PROBLEM DESCRIPTION: Which lines run from the one containing "this 600×257 image." through the end of the entries? Restate them word for word, and only those.

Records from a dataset

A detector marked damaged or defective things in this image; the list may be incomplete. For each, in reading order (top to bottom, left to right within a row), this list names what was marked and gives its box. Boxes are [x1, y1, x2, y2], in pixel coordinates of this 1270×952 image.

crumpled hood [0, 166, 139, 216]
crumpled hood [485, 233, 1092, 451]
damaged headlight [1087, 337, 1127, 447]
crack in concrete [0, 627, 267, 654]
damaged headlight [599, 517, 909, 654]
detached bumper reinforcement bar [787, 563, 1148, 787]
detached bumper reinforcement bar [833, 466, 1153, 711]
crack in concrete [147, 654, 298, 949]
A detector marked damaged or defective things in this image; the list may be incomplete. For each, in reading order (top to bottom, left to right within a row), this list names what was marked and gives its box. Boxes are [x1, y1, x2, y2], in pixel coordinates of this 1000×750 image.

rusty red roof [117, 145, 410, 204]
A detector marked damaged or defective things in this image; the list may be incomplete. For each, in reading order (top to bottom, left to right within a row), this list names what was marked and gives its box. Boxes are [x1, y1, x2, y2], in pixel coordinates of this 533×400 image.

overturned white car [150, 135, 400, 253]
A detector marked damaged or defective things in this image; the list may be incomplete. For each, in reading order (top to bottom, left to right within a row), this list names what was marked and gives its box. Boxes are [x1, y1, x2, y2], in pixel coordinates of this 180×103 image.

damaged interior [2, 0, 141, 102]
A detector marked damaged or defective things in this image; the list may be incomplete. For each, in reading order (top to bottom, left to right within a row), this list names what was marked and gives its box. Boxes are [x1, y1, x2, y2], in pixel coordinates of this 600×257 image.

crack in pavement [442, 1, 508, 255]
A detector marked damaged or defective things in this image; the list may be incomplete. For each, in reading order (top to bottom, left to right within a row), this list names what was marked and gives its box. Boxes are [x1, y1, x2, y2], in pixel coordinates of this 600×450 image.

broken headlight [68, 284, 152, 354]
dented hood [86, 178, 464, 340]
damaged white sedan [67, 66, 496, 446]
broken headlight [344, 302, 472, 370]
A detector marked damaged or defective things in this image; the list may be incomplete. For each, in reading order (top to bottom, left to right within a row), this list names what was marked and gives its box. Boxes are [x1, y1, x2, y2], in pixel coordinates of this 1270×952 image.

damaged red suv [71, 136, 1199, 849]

REPLY TO THE TASK:
A detector marked damaged or defective things in this image; the list may be incomplete. For each, in reading order (top to bottom, left to right within a row), this list names what was marked and gives its box. Boxes are [x1, y1, x2, y2], in pixel coordinates of this 600×257 image.

crack in pavement [442, 1, 508, 255]
A detector marked damaged or defective things in this image; the list may be incomplete. For each, in reading order (top to bottom, left to right within a row), this list names what was marked and gives its box. Boxes are [x1, y1, x2, y2], in pixel coordinates of this 600×450 image.

broken headlight [68, 284, 152, 354]
dented hood [86, 178, 464, 340]
damaged white sedan [67, 66, 496, 446]
broken headlight [344, 302, 472, 370]
A detector marked damaged or defective things in this image; the list may be incomplete. For each, in reading order (top to bottom, left to right within a row), this list names what was marked and gives its box. Boxes are [x1, y1, x2, y2], in pixel coordinates of this 1270×952 image.

damaged red suv [71, 136, 1199, 849]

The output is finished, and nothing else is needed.